Photo by Andrea Poteet


Darkness and light
Wyandotte artist Patricia Izzo thumbs through a magazine about black and white photography in her studio, housed in River’s Edge Gallery in Wyandotte. Izzo’s black and white and hand-painted photography are on display as part of the three-artist exhibit “Affairs With Serpents and Heroines” through Jan. 31.

By ANDREA POTEET
Sunday Times Newspapers

WYANDOTTE – For Wyandotte artist Patricia Izzo, a commitment to capturing life through her camera lens means a refusal to shy away from the dark side.

“Not everything is going to be beautiful,” Izzo says, standing in her studio in River’s Edge Gallery, “If you are with humanity, you have to go to both sides, the dark and the light.”

That mantra informs all of Izzo’s work, from a portrait of a man who cheated death several times only finally to succumb to a drug overdose, to her current exhibit, Affairs with Serpents and Heroines, at River’s Edge, where she is the artist in residence.

The show, which continues through Jan. 31, pairs Izzo’s fine art film and hand-painted photography with work from two other artists, Brigit Huttermann-Holz, who uses fire, beeswax, wood and paint to create multi-textured pieces, and Barbara Melnik Carson, who creates three-dimensional work with clay and found objects.

Together, the women tell stories of good and evil in all aspects of life, from mythology and history to fairy tales. The artists approached gallery owner Patt Slack with the idea more than a year ago.

“The idea was the dark and the light, the good and the bad, the joy and the sorrow, the challenge and the reward,” Izzo said.

A “meet the artists,” event for the exhibit is planned for Jan. 20 at the gallery, during the city’s Third Friday event.

The exhibit showcases Izzo’s prime source of inspiration: people. Her photographs feature no professional models, but friends, family and strangers as subjects and draw from themes she finds in books, films, and her own personal history.

A photograph entitled “Bad Geisha,” features her daughter as a geisha, with lipstick smeared over her mouth, as if from a kiss, after she read a book about geishas and learned that they were forbidden from falling in love.

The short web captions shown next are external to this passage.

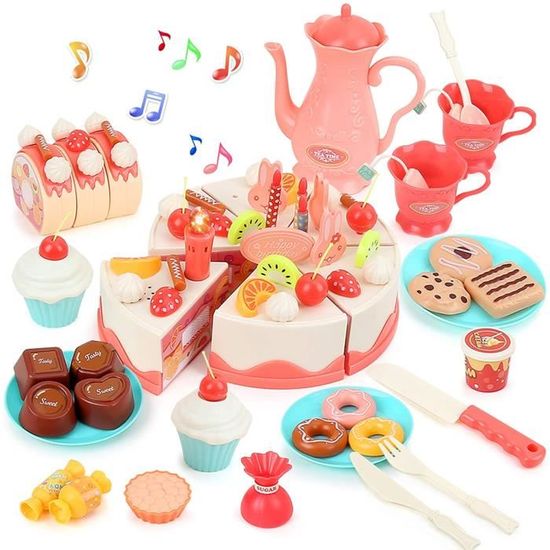 MARSEE 85 Pcs Gâteau D'anniversaire Jouet Dinette Accessoire Cuisine Enfant Jouet à Couper Avec Bougies, Frites,pour 3-6 Ans - Jeux - Jouets
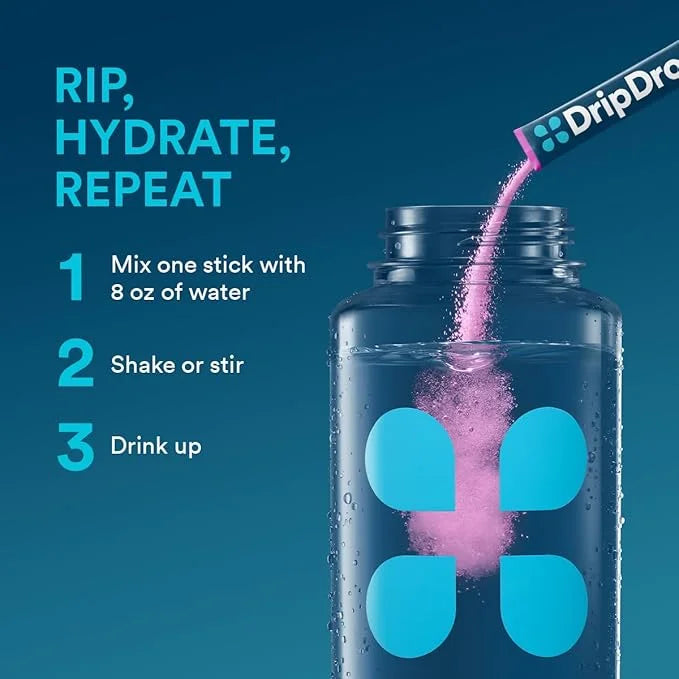DripDrop Hydration - Berry - Electrolyte Drink Mix Single Serve Powder Packets | Non-GMO, Gluten Free, Vegan | 32 Sticks -...
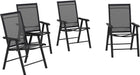 Set of 4 Patio Folding Chairs Armrests Black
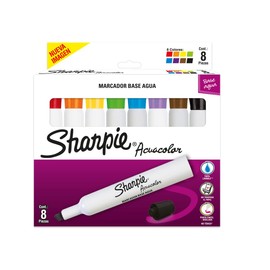 Sharpie Acuacolor Marcador Base Agua, Punca Cincel/Biselada, Colores Surtidos, 8 Piezas, 2184200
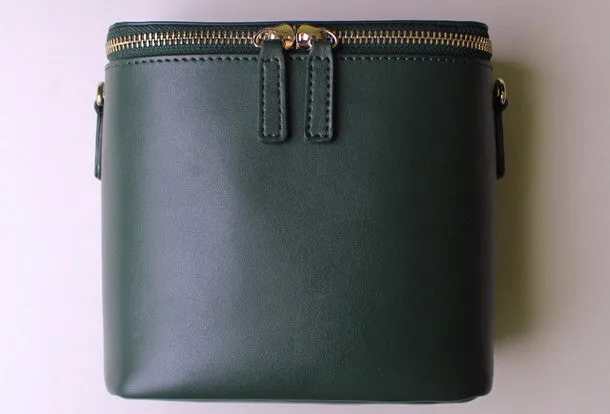 Leather bucket bag shoulder bag Green Red White black for women leather crossbody bag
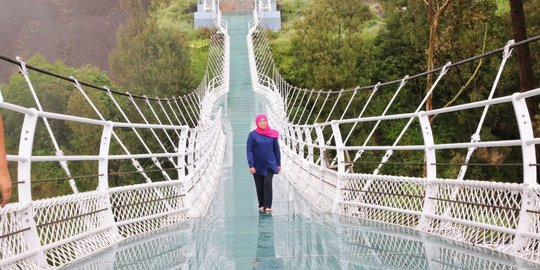 Khofifah Sempat Terpeleset saat Berjalan di Jembatan Kaca Seruni Bromo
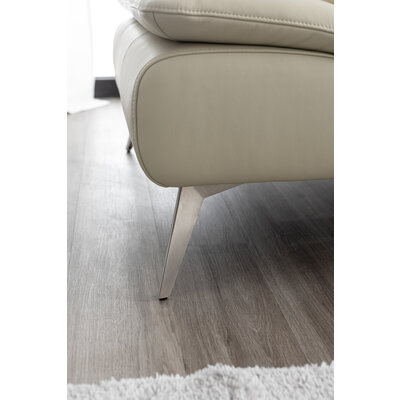Ecksofa Collina - 2,5-Sitzer, Longchair rechts, inklusive Kopfstütze, Leder, Ecru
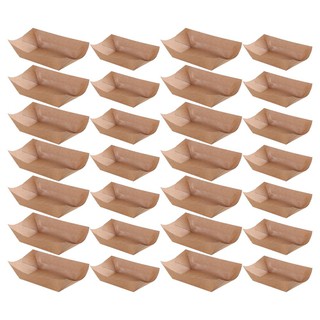 100 Pcs Disposable Sandwich Trays Kraft Paper French Fries Boxes (Brown)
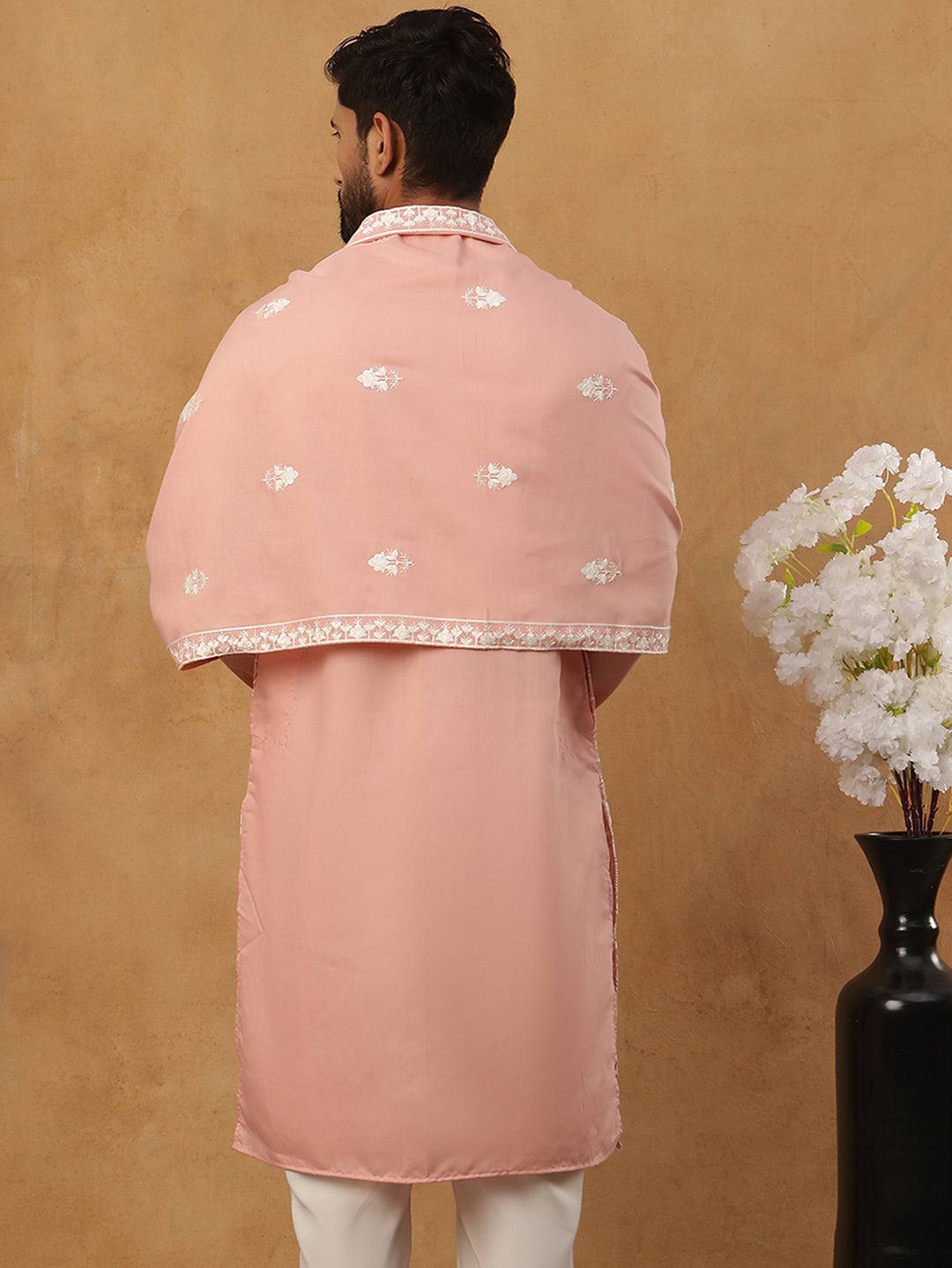 DesiQlo Men Floral Kurta Only - Orange - 65KO_D_5438Peach_S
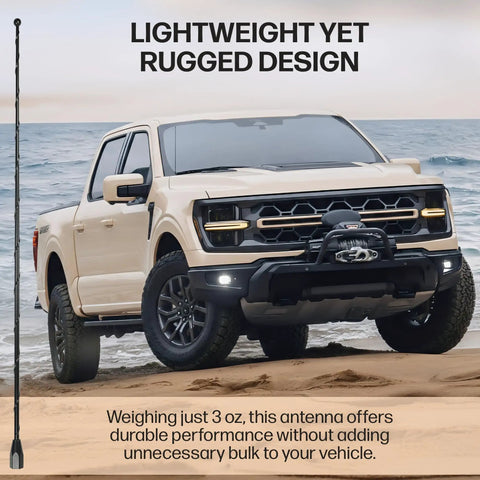 15 Inch Black Antenna For Ford F Series Trucks And Dodge Ram With Steel Threading Durable Exterior Replacement Easy Install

Another, called “Pioneeress,” features a young girl holding a rifle, to represent Wild West heroine Calamity Jane. Other works in the collection pay homage to Emily Dickinson, Dorothy from “The Wizard of Oz,” and Tinker Bell, and capture moments with her subjects, not poses.

She said she prefers to think of her subjects more as “collaborators” than models, and prefers the “tension,” and authenticity real people bring to her work, which has been showcased at the Detroit Institute of Arts, the University of Michigan Museum, and galleries stretching from Florida to Canada.

“I’m motivated by the human being and written word,” Izzo said, “the commonality of being human. My work tries to express that thread.”

Next, she will showcase that theme with the exhibit “Homage,” in which she will pay tribute to one of her photography heroes, Diane Arbus. The exhibit opens at the gallery Feb. 17.